The decline in legal and consulting fees by EUR 5,376 thousand to EUR 1,795 thousand (prior year: EUR 7,171 thousand) is primarily due to legal and consulting fees in 2018 in connection with the takeover offer by the major shareholder Apollo, which did not reoccur in the 2019 financial year.
Fund administration costs result from the administration of Fair Value REIT-AG's funds and were largely unchanged compared to the previous year.
Implementation costs concern one-off costs as part of the outsourcing of property and facility management to Strabag in 2018.
The decline in recruitment costs resulted mainly from the costs incurred in the prior year in the search for a new Executive Board member.
The decrease in non-deductible input taxes of EUR 489 thousand to EUR 424 thousand (previous year: EUR 913 thousand) resulted primarily from the decline in legal and consulting fees of EUR 5,376 thousand, with which the non-deductible input tax item is directly related.
IT costs comprise costs for software and ongoing IT consulting services that were used for one-off projects in the previous period.
The item "amortisation of rights-of-use" resulted from the application of IFRS 16 and the resulting amortisation of right-of-use under car and office leases.

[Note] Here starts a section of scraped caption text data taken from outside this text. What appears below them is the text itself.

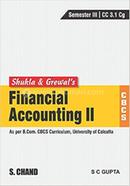 Financial Accounting II image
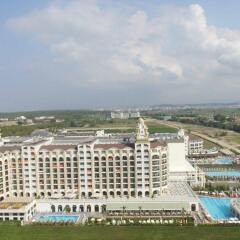 Jadore Deluxe Hotel And Spa Анталья пляж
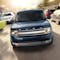 2019 Ford Flex 2nd exterior image - activate to see more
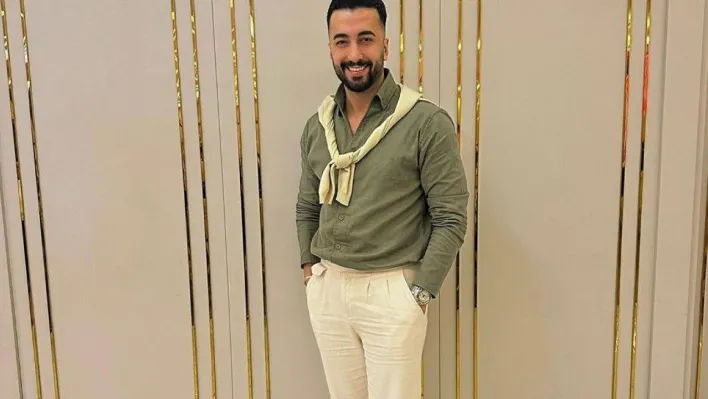 Genç girişimci Polat, dünyaya pantolon üretiyor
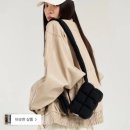 [OOTD] 루스프로덕트 S사이즈 백 리뷰! 키링까지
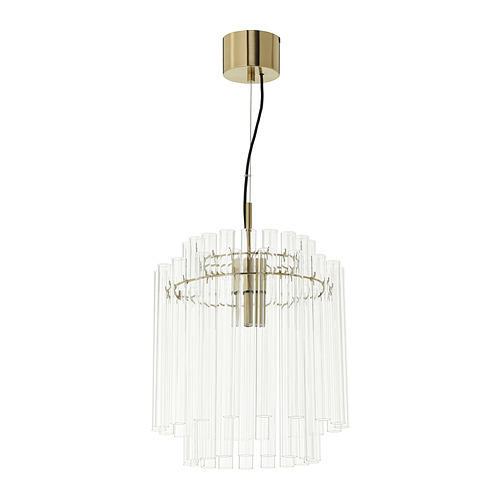 STOCKHOLM 2025 lampu gantung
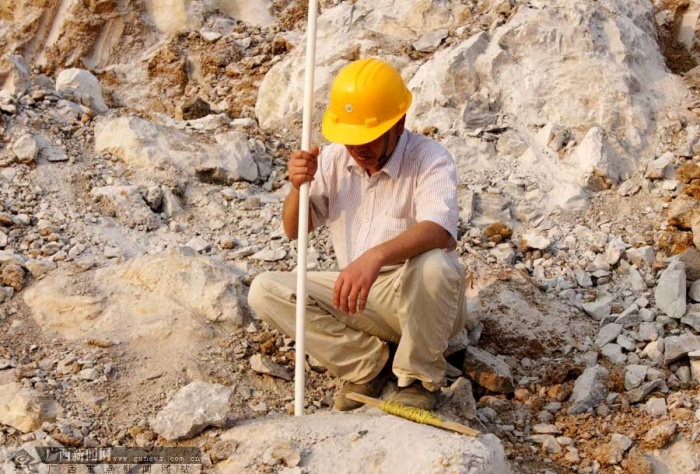 脸谱第37期:爆破工的异样生活(13/34)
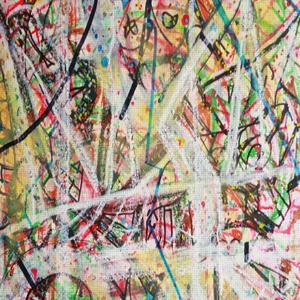 STRAWBERRY JAM (feat. Lasso Joe)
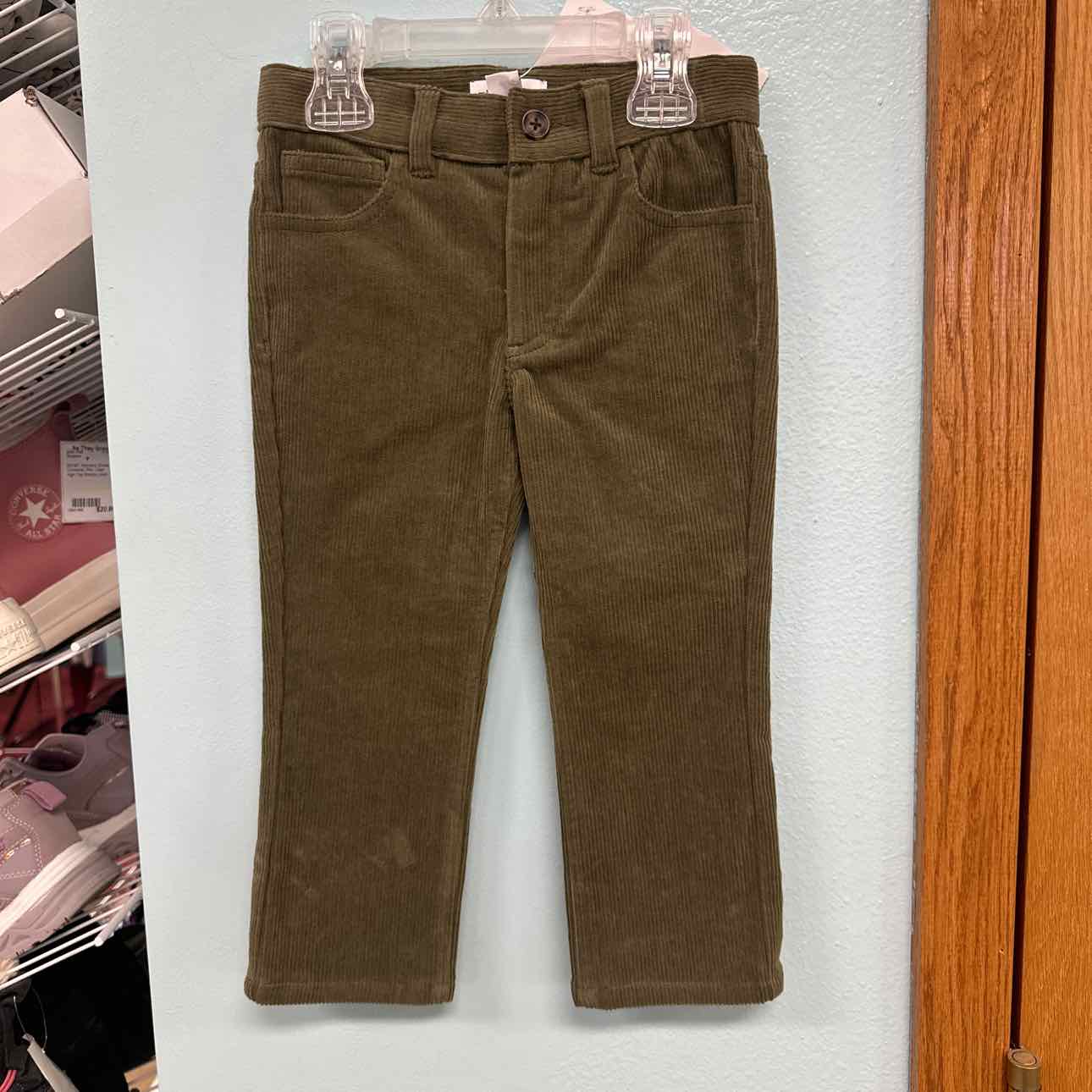 2 NEW Miles the Label Pants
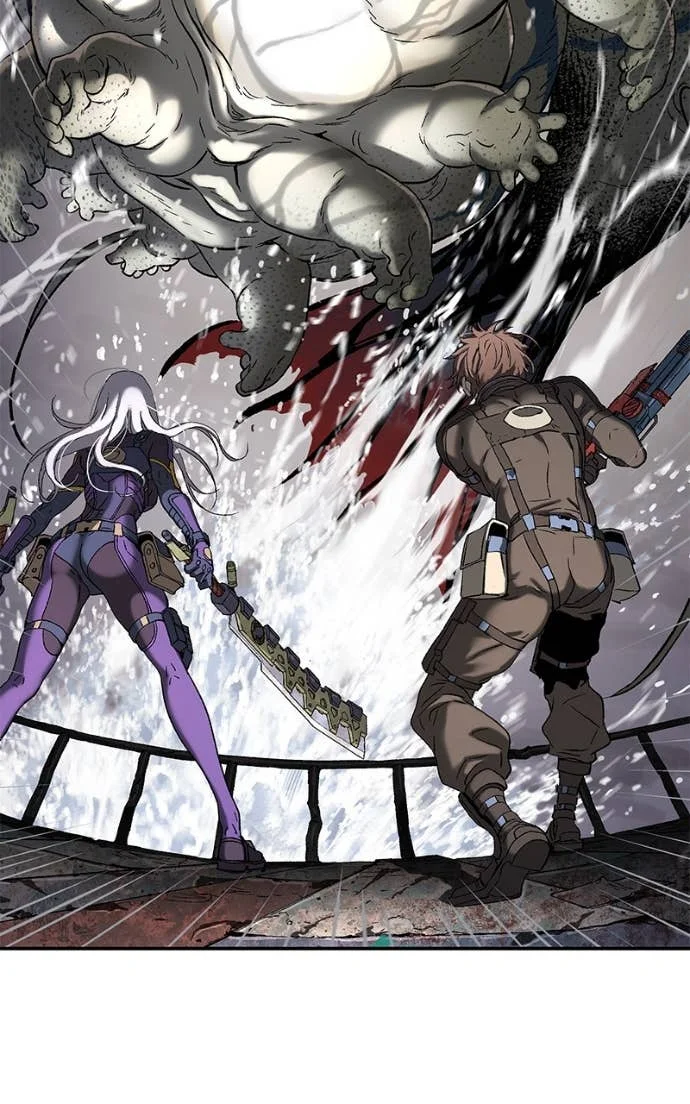 Read Leviathan FR Manga Online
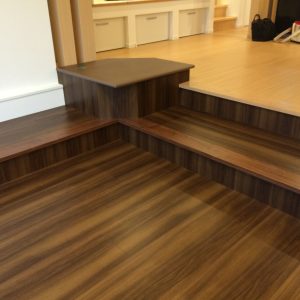 こだわりのお家完成いたしました！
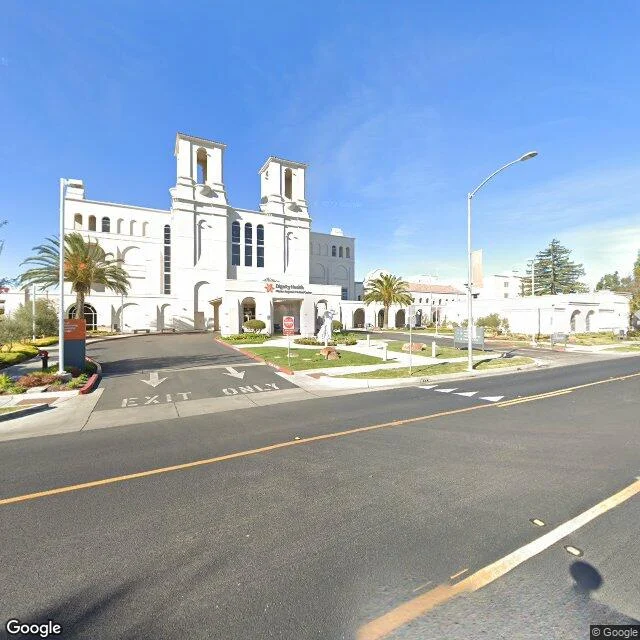 Marian Regional Medical Center Street View Image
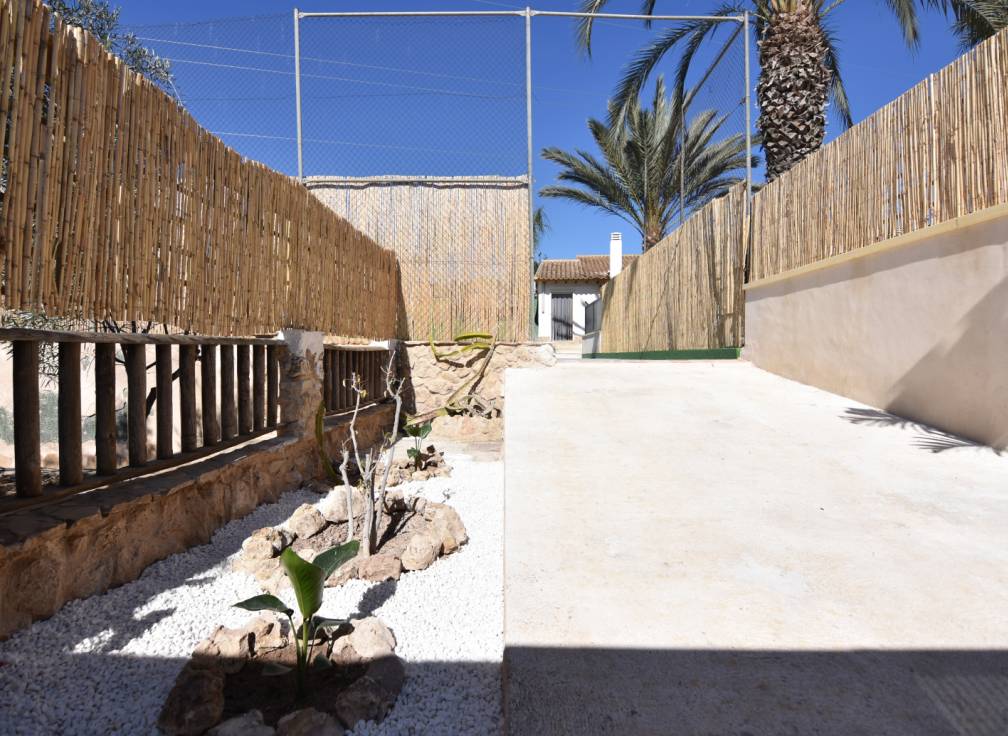 Alquiler - Chalet - Elche - Bonavista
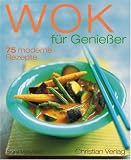 Wok f+a-+r Genie+a-er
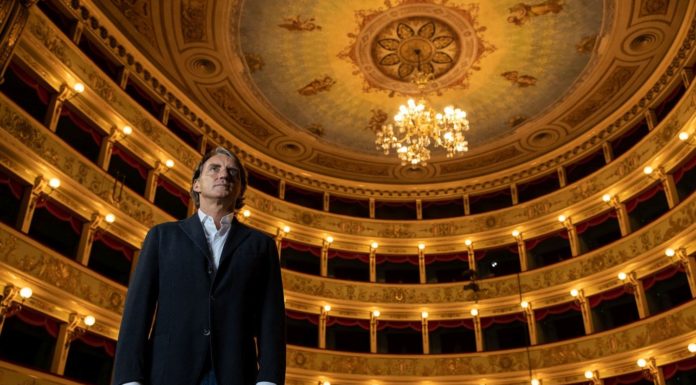 Marche e turismo, lo spot con Mancini “Pronti per una nuova stagione”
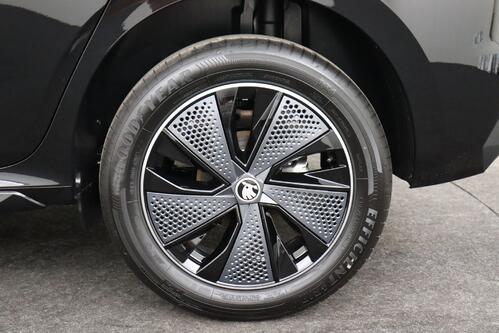 SKODA Kamiq  MONTE CARLO 1.0 TSI DSG + CARPLAY + CAMERA + PDC + CRUISE + ALU 17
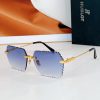 HUBL*T Eyewear SIZE: 61-15-145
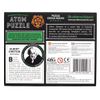 Professor Puzzle |The Einstein Collection: Atom Puzzle | Puzzle | Ages 8+ | 1+ Players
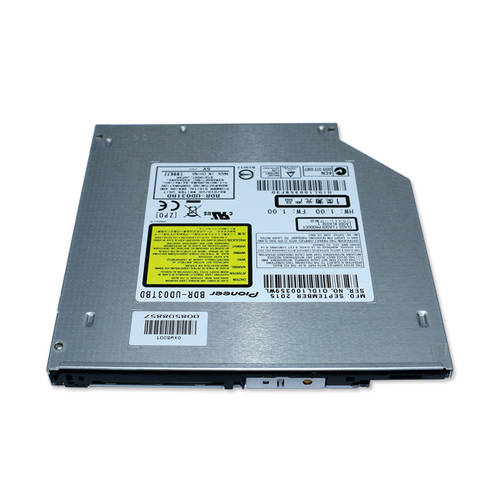 파이오니아PIONEER BDR-UD03TBD SATA 직렬포트 노트북 내장형 블루레이 CD플레이어 CD-ROM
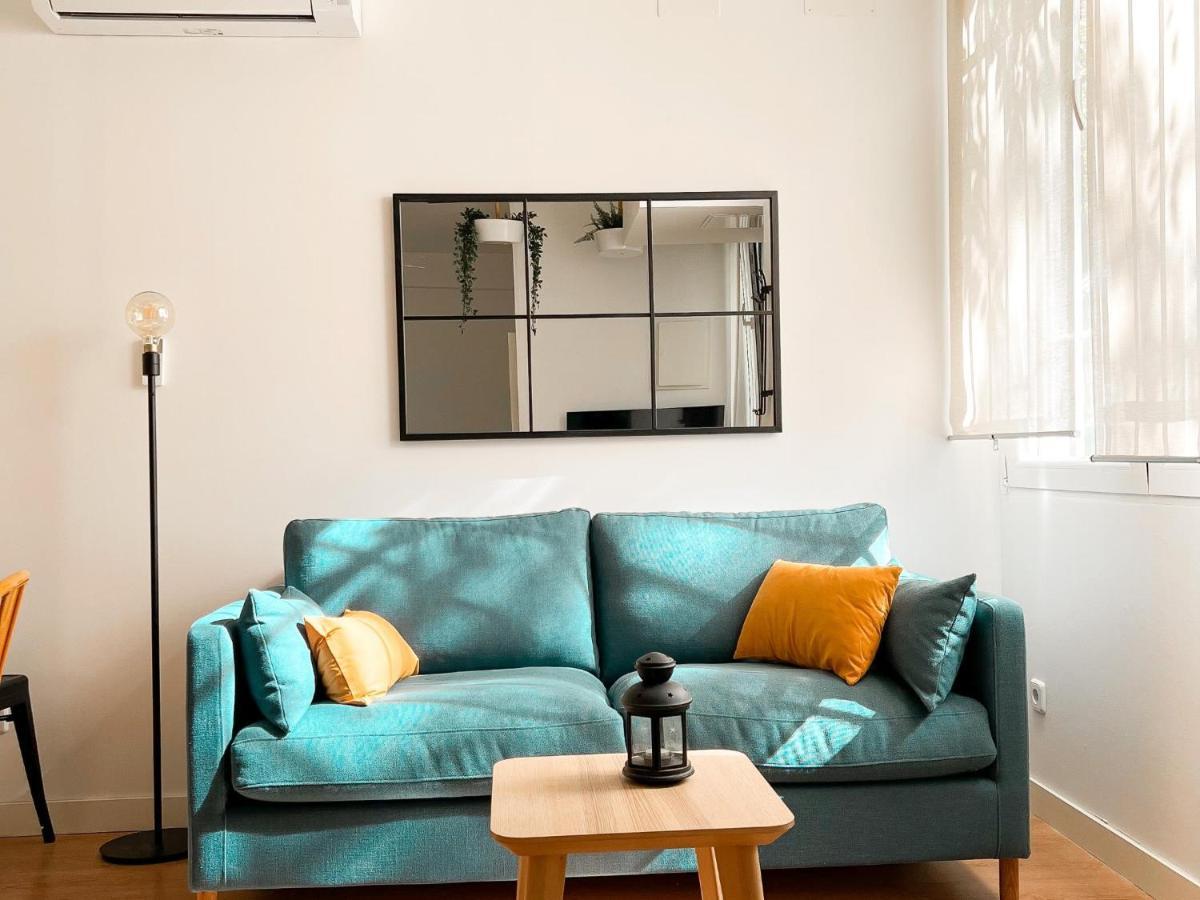 El Centurión De San Marcelo Apartamento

The decline is largely a result of the first-time application of IFRS 16 in the previous period, which was introduced using the modified retrospective method.
| in EUR thousands | 2019 | 2018 |
|---|---|---|
| Other non-period expenses | –149 | –105 |
| Depreciation/amortisation of property, plant and equipment and intangible assets |
–128 | –202 |
| Membership fees | –42 | –27 |
| Facility management expenses | –41 | –227 |
| Further education, trade literature | –39 | –32 |
| Deconsolidation effects | –24 | –466 |
| Impairment of legacy portfolio | 0 | –2,701 |
| Other | –451 | –774 |
| Total | –874 | –4,534 |
The decline in the item "deconsolidation effects" results from a one-off impairment of real estate inventory and other assets contained in the legacy portfolio, which occurred in the prior reporting period.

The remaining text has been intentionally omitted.